> [ASSIGNMENT]: Copy, without any change, the lines from the one that holds "Atlanta Skyline Retro" through the final line of the material below.

┄┄┄┄┄┄┄┄┄┄

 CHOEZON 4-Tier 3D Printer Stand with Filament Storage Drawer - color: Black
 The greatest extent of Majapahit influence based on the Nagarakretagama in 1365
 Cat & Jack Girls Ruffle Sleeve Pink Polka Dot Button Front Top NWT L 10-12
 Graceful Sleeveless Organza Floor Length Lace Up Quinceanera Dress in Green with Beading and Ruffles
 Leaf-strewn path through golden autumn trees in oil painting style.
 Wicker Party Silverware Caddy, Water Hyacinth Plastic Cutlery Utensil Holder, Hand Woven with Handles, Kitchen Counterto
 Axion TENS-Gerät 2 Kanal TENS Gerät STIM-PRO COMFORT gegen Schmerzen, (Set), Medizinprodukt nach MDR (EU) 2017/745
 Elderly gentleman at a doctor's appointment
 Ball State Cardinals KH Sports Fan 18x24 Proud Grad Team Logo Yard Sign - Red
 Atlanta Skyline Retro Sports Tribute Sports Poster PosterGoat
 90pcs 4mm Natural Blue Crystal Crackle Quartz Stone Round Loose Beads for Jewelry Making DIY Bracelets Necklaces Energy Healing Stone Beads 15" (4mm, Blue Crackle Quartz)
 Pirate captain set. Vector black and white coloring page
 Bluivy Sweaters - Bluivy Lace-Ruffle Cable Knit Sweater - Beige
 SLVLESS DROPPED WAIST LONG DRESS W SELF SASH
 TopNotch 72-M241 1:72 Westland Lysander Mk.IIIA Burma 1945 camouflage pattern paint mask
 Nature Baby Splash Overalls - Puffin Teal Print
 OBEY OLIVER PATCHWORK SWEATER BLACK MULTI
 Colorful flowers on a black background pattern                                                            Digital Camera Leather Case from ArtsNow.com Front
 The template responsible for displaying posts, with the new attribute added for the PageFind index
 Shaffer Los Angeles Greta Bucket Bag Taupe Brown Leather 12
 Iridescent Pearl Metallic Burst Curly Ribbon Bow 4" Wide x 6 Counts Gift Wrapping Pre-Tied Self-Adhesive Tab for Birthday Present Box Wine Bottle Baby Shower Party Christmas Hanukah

┄┄┄┄┄┄┄┄┄┄

> [ANSWER FOR THE TASK]:
 Atlanta Skyline Retro Sports Tribute Sports Poster PosterGoat
 90pcs 4mm Natural Blue Crystal Crackle Quartz Stone Round Loose Beads for Jewelry Making DIY Bracelets Necklaces Energy Healing Stone Beads 15" (4mm, Blue Crackle Quartz)
 Pirate captain set. Vector black and white coloring page
 Bluivy Sweaters - Bluivy Lace-Ruffle Cable Knit Sweater - Beige
 SLVLESS DROPPED WAIST LONG DRESS W SELF SASH
 TopNotch 72-M241 1:72 Westland Lysander Mk.IIIA Burma 1945 camouflage pattern paint mask
 Nature Baby Splash Overalls - Puffin Teal Print
 OBEY OLIVER PATCHWORK SWEATER BLACK MULTI
 Colorful flowers on a black background pattern                                                            Digital Camera Leather Case from ArtsNow.com Front
 The template responsible for displaying posts, with the new attribute added for the PageFind index
 Shaffer Los Angeles Greta Bucket Bag Taupe Brown Leather 12
 Iridescent Pearl Metallic Burst Curly Ribbon Bow 4" Wide x 6 Counts Gift Wrapping Pre-Tied Self-Adhesive Tab for Birthday Present Box Wine Bottle Baby Shower Party Christmas Hanukah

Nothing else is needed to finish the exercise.